Kern had earlier cast doubt on the ability of the university to do a fair investigation. “I do not trust the Board of Regents,” Kern said at a July hearing on the matter. “I do not trust ASU. I do not trust our universities to teach our kids what needs to be taught.”
The legislators have interesting histories vis a vis democracy. Kern was one of 11 Arizona Republicans who falsely posed as certified electors in a bid to circumvent the results of the 2020 presidential election, The Republic reported. For his part, Smith just took office this year and introduced a bill that passed the state house and Senate to ban ranked choice voting in the state. Such voting is designed to assure that the majority choice in a multi-candidate election wins.
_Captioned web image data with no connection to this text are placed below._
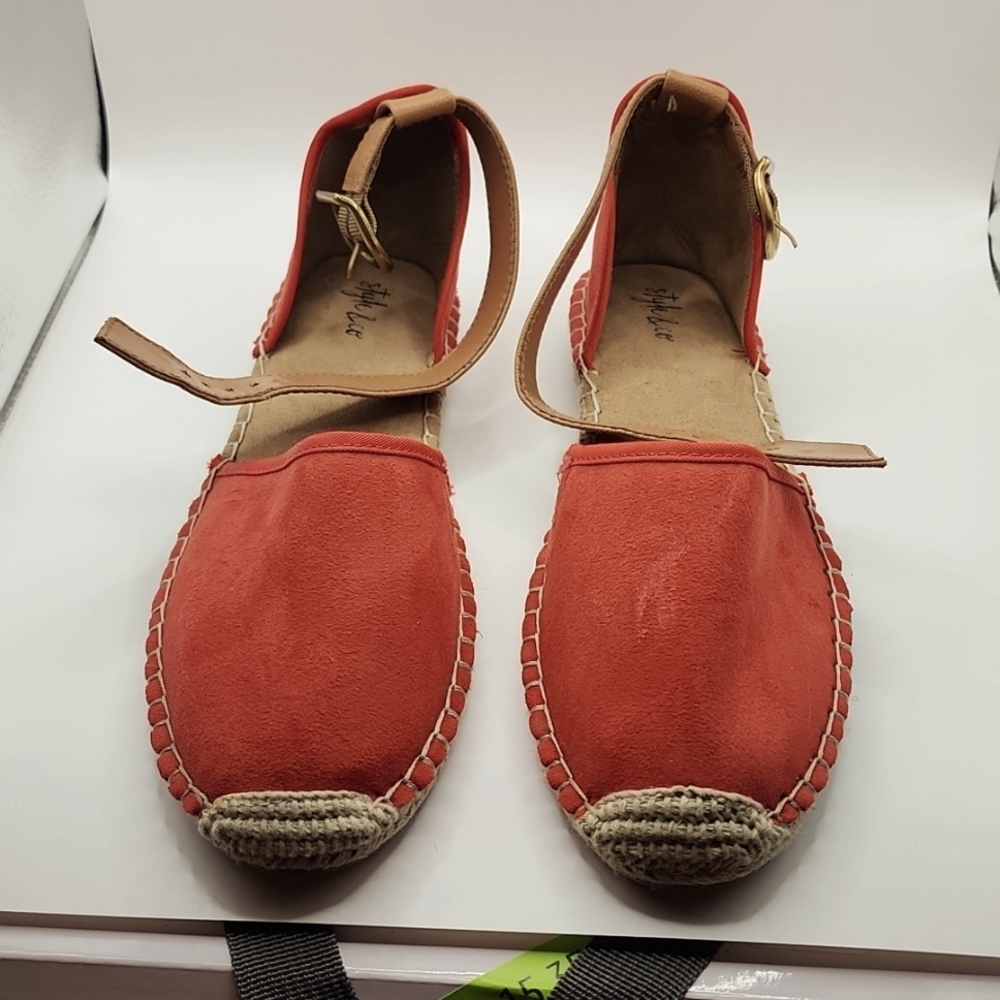 Dark melon leather size 7.5 split front and heel flat summer shoes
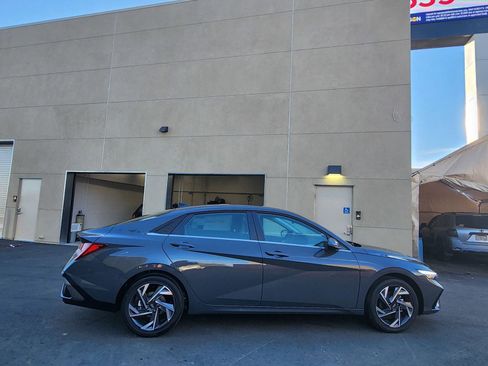 New 2026 Hyundai Elantra Limited image 8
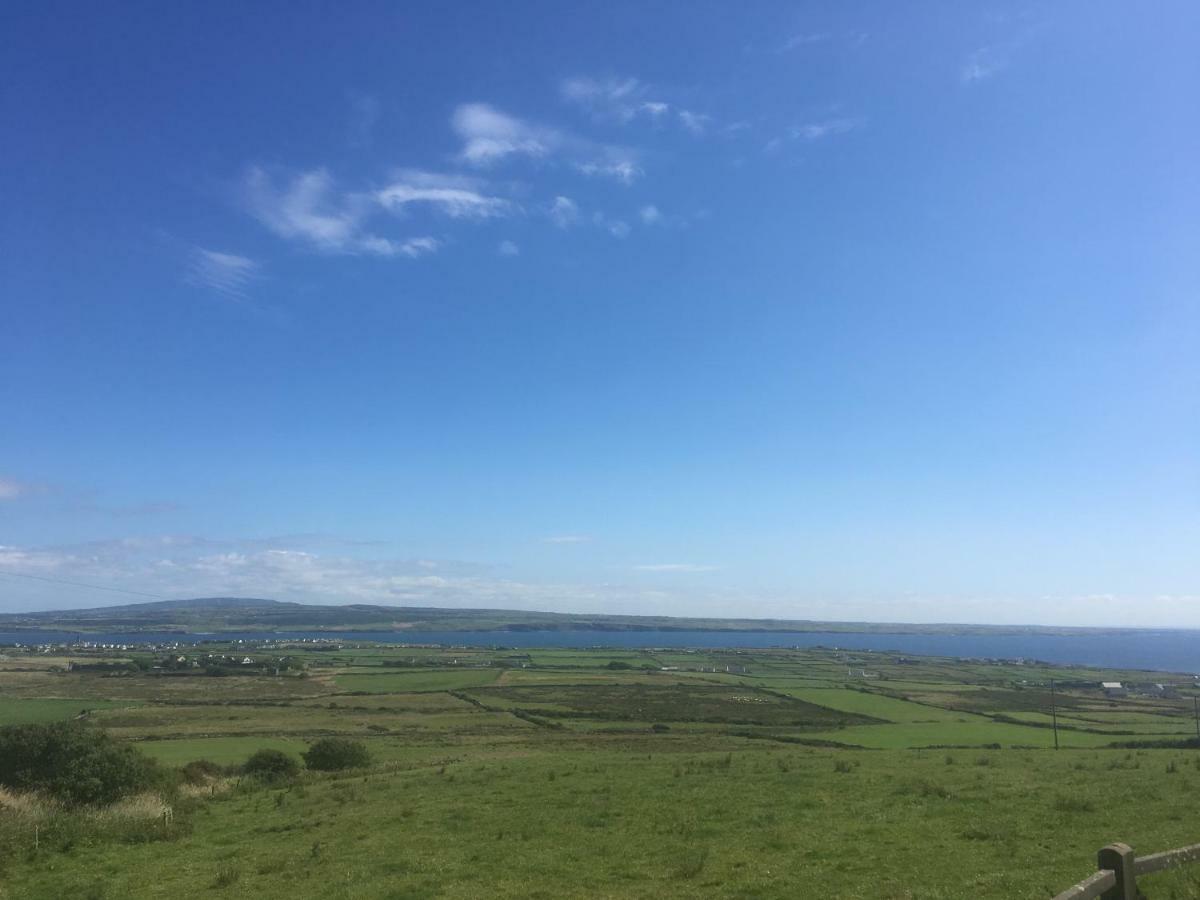 Conway'S Cottage With Sea View Nestling By Cliffs-Of-Moher リスカナー エクステリア 写真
In his appearance Prager was unsparing in his criticism of the faculty whom his visits helped to silence. "These are truly empty, bad people," Prager said. He called them "intellectual lightweights," "cowards," "talentless," and "intellectually vapid."
Amid the legislative heat and vitriol directed their way by Prager, some faculty members appear to have judged it better to duck the limelight. One Barrett faculty member told me some weeks ago that some have been threatened by right-wingers when they have spoken up. Furthermore, they worry about giving more ammunition to hostile legislators.
While many such faculty members at state institutions may be protected by tenure, their lives and those of untenured colleagues can be made miserable by politicians. The balance of power is tilted against them. This is particularly true at Barrett, where profs are “teaching faculty” and not eligible for tenure — a stunning thing in itself, since tenure exists to preserve the right of faculty to speak as they wish.
Silencing those one disagrees with, of course, is hardly appropriate to universities where free inquiry and critical thinking should be core values. More than that, it’s simply un-American and should be beneath conservatives who ostensibly champion free expression.
But flaps such as that at ASU suggest that some conservatives are determined to shut down any who have the temerity to dissent. For them, free speech seems to be just a weapon in a longstanding war on higher education and their hypocrisy in wielding it doesn’t trouble them.